I don’t mention this to boast about our robust social circle. I’m writing about this because a bunch of caring people—some friends, but mostly acquaintances from church and school—dropped off food for our family in the biggest outpouring of neighbourly love I’ve experienced in, well, a while.
Church folk know about food and fellowship. The breaking of bread during communion and the church potlucks I’ve attended attest to that. But the giving of meals is something different. Whether in celebration for a birth, or in mourning for illness or loss, the giving of food, I believe, is one of the most profound gifts you can give.
It’s actually an awkward exchange. People came to our door, handed over the food along with an explanation of how to prepare it, chatted for a couple minutes, often to say, “I hope you like it,” and then gave well wishes and left. I accepted the offering with gratitude, but also slight embarrassment, feeling like I was “getting delivery” from someone I’d normally invite in for tea.
But it was an interaction we both understood. Because this is what we, as Christians, do, isn’t it? We help in practical ways that show our love. Love your neighbour as yourself.
I have trouble picturing something more than superficial when I hear that mantra: a pat on the back, a friendly smile or just plain being nice. I think it’s because of the word “neighbour.” To me, a neighbour is someone I don’t really know well. I live close to my neighbours, but not with them. We live our own lives. Doesn’t this relational distance make love difficult? Don’t you need to know someone well in order to love them?
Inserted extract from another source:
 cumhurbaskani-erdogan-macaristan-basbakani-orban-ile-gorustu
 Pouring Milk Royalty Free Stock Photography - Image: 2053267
Love seems to me such a weighty thing. If you love people, you’re in relationship with them. There’s intimacy and investment. When I think about the people I love, I think about those closest to me, those who walk with me along my journey. But the majority of people who came to our door are acquaintances, people I don’t know well but who are part of the communities my spouse and I are part of.
And yet these people did this incredible thing of preparing food for a family they don’t know well. They gave us a gift that helped us carry on, that kept us sustained and living well. Maybe I have my head in the sand, to feel so blessed by what is essentially kindness, or the “neighbourly thing to do.” But, on the other hand, how else should I feel in response to acts of love?
I usually think Christ calls us to a radical kind of love, not a “neighbourly” one. But, evidently, they’re one and the same.
To all our neighbours who gave us food, thank you.